Другие воспоминания, которые я принес из дома с собою, в своем теле, были ничуть не более приятные; лучше всего я помнил перешептывания моих брата с сестрой. Эрнушко и Олгушка заметили странное поведение родителей, в них проснулось любопытство — что за судьба меня ожидает, и всякий раз, что мать, готовясь к разлуке, сжимала меня в объятиях, они тесно прижимались друг к другу и принимались шептаться. Эти перешептывания внушали мне страх, и его-то я и унес с собою, в своей крови, как и ту глубокую тишину, которой требовал от всей семьи отец, когда писал и учил наизусть свою проповедь. В такие часы тоже наша квартира наполнялась шепотами, совершенно так же, как во время частых совещаний, собиравшихся ежедневно в красной комнате и посвященных деду и моей судьбе. После таких совещаний мать часто погружалась в себя, мое будущее в ее мыслях всегда соединялось с могилой умершего брата, эти два обстоятельства каким-то странным, скорбным и роковым образом сплетались воедино, взгляд ее затуманивался, застилался слезами, а мои брат с сестрой, в ответ на это, снова прижимались друг к другу и пускались в бесконечные перешептывания.

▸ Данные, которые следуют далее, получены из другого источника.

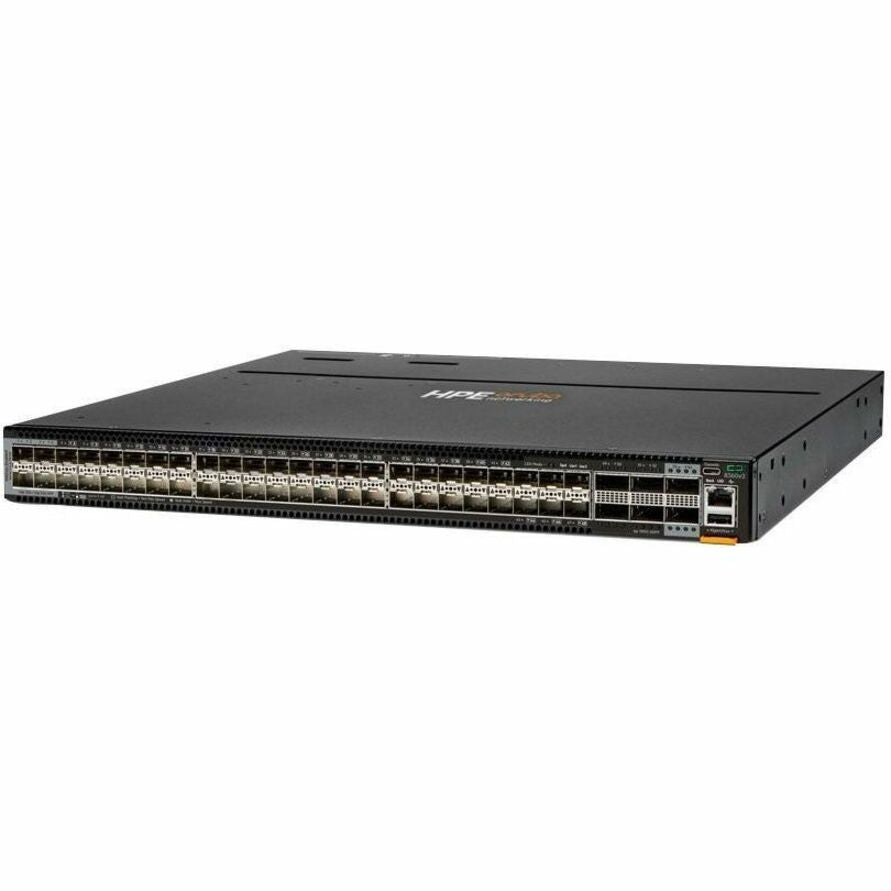 ARUBA 8360-48Y6C V2 FB 5F 2AC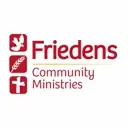 Logo of Friedens Community Ministries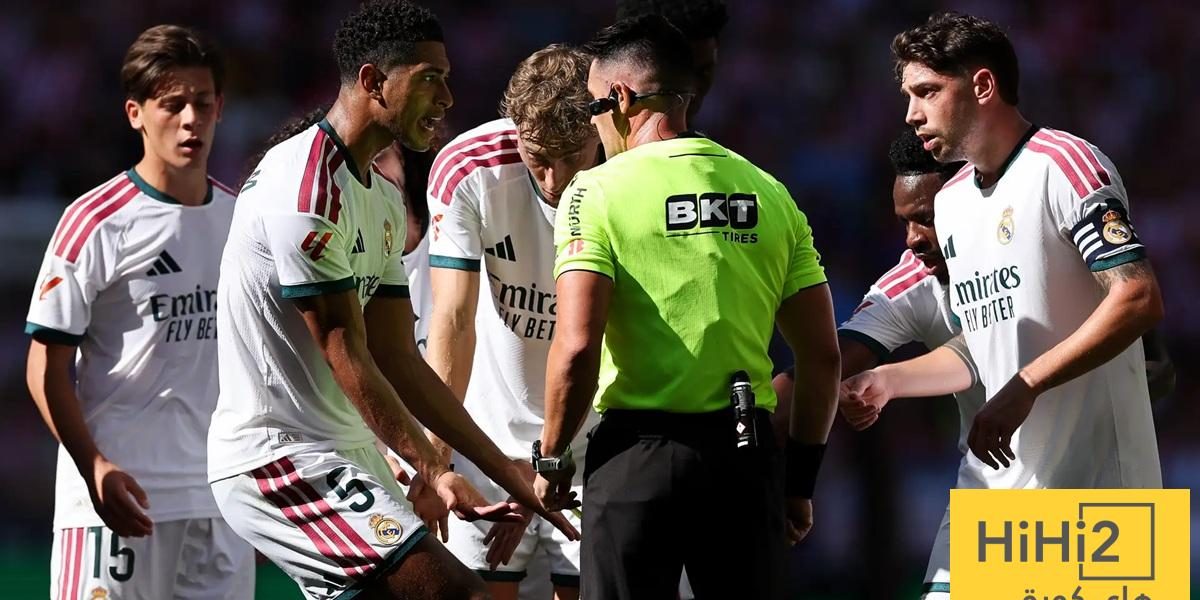 في غضون أسبوعين.. ريال مدريد يجدد عقد نجمه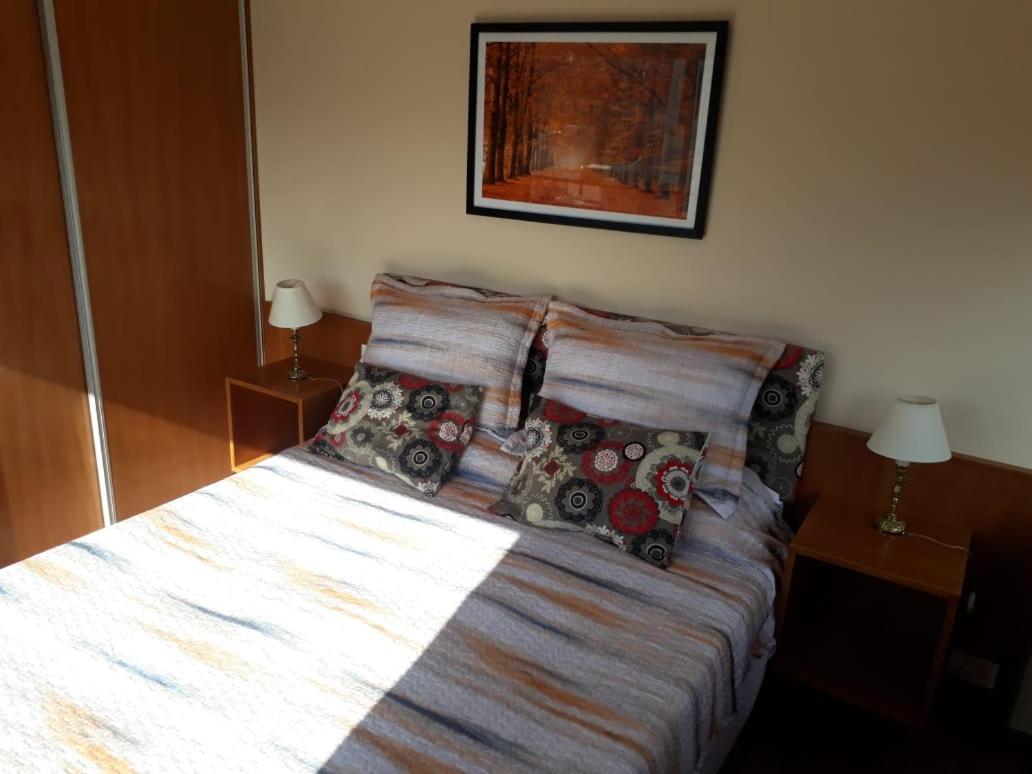 4 Ventanales Sobre La Avenida Corrientes Apartment Буенос Айрес Екстериор снимка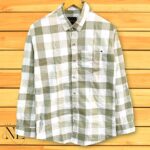 Checks Shirt for Men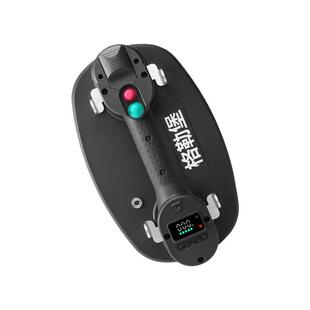 格勒堡Grabo专业版电动吸盘自动启停毛面吸大板施工工具铺贴抬板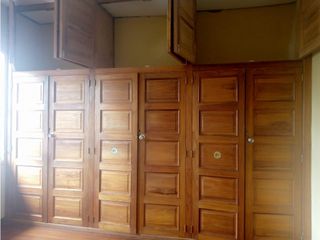 Foto 30 de La Mariscal, Casa Comercial en Renta, 526.95m2, 2 Ambientes
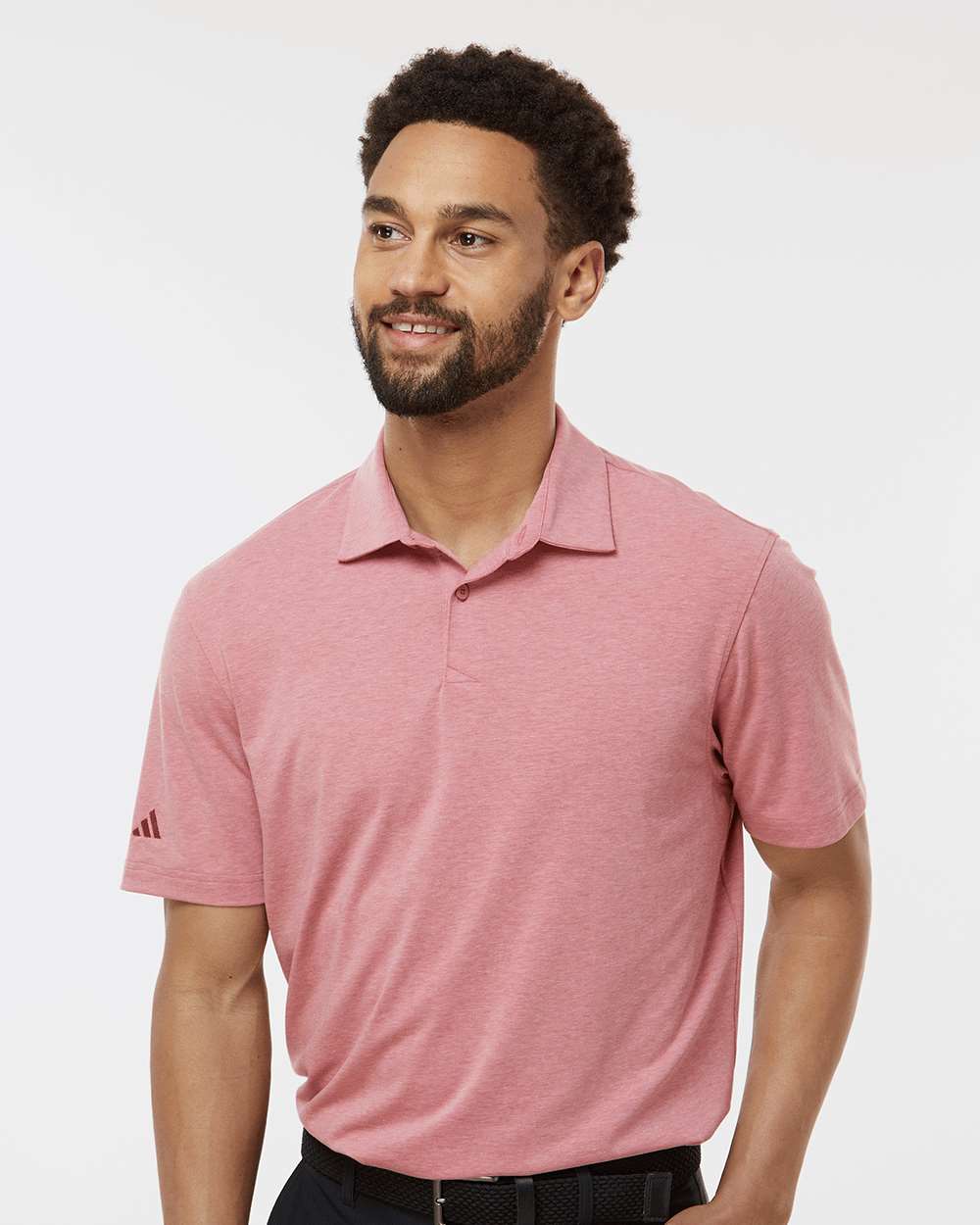 Adidas Blended Polo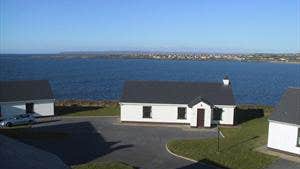 QUILTY HOLIDAY COTTAGES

Все это — глубокая тишина, шепот, серьезные лица, уходы в себя, монотонные, как маятник, но тревожные изнутри шаги отца, окна, забранные плотными белыми занавесями, слабый шум и полумрак узкой улицы снаружи, дневные тени и густой ночной мрак под далеко выпятившимися крышами — насквозь пропитывало меня бесчисленными тайными страхами, подавленным беспокойством, и все это огромное напряжение лишь завершилось появлением дедушки Иеремии, трепетным расставанием и диковинным новым окружением. Не отдавая себе в том отчета, дедушка Иеремия впряг эти страхи в свою повозку, и они оказались на пользу триумфальной колеснице Искупления. Этот суровый, оставшийся в одиночестве человек был похож на отшельника из пещеры, и фанатический пафос его речей, исходивший из Священного Писания и незаметно пропитывавший язык деда, усугублял странность его облика. Во дворе он говорил обо мне так: Я привез его из Вавилона. (Это мой родной город.) Из дома предательства и идолопоклонства. (Это дом моих родителей.) Привез последнего безгрешного. (Это я.) А сердце его, по сути вещей, подобно было кладбищу, где он похоронил своих детей, и с ними большую часть жизни, и теперь там бродили призраки былого, пророки Писания. С ними он пробуждался и с ними забывался сном. Их языком говорил, с мрачною исступленностью примешивал слова, которые его заботы и мольбы жены топили, но теперь они вновь выходили на поверхность, как вулкан из моря, изрыгая лаву. Насколько был он страстен, настолько же и неловок, беспомощен, потерян.
Рано утром он уже сидел наруже, перед шатром. Он наклонял голову к коленям, или скорее даже между коленями, как страус, что засовывает голову в песок. Туда, в колени он ворчал свои молитвы. Я застывал в изумлении, присев на корточки в углу шатра, где дедушка устраивал нам постель — бросал охапку соломы на голую землю. Снаружи, во дворе и на кладбище, между могильных камней, в лучах восходящего солнца, еще долго слышалось только жужжание диких пчел, ос и жучков: начиналось волнение их ежедневных налетов на дикие цветы. Это непрерывное, сладкое и душное жужжание действовало мне на нервы. Я напряженно вслушивался, в уверенности, что надо ждать чего-то неожиданного и необыкновенного. Жужжание насекомых и ворчание дедушки Иеремии чередовались. Те пели о меде, дедушка Иеремия — о горестях своей минувшей жизни:
«Прах и пыль вещают мне: ты — ничто, Иеремия; я знаю и покоряюсь. Я стар. Я шел от хлеба к женщине, от женщины к заботам, к детям, пришел, поседел, обессилел в раздражениях и досадах. Когда же отпали от меня мои плоды — иссохнул. В одном лишь внуке услышь меня! Дай вдохнуть в него надежду — она еще не обессилела во мне! Ради нашей надежды дай пожить еще! Моя надежда — каждого из нас надежда: Искупление!»
Эти слова и, может быть, краски восхода, собственный голос и чувства околдовывали его какими-то больными чарами. Голос воспламенялся, заводил гимн; это полубеспамятство тоже полно было неосознанных воспоминаний о читанных ранее книгах, и, может быть, в гимне не было ни одного своего слова, но слова эти и фразы были рассеяны по старым книгам, как и сам народ был рассеян по миру; ни одного своего — своим было только чувство, в котором он хотел бы слить их воедино.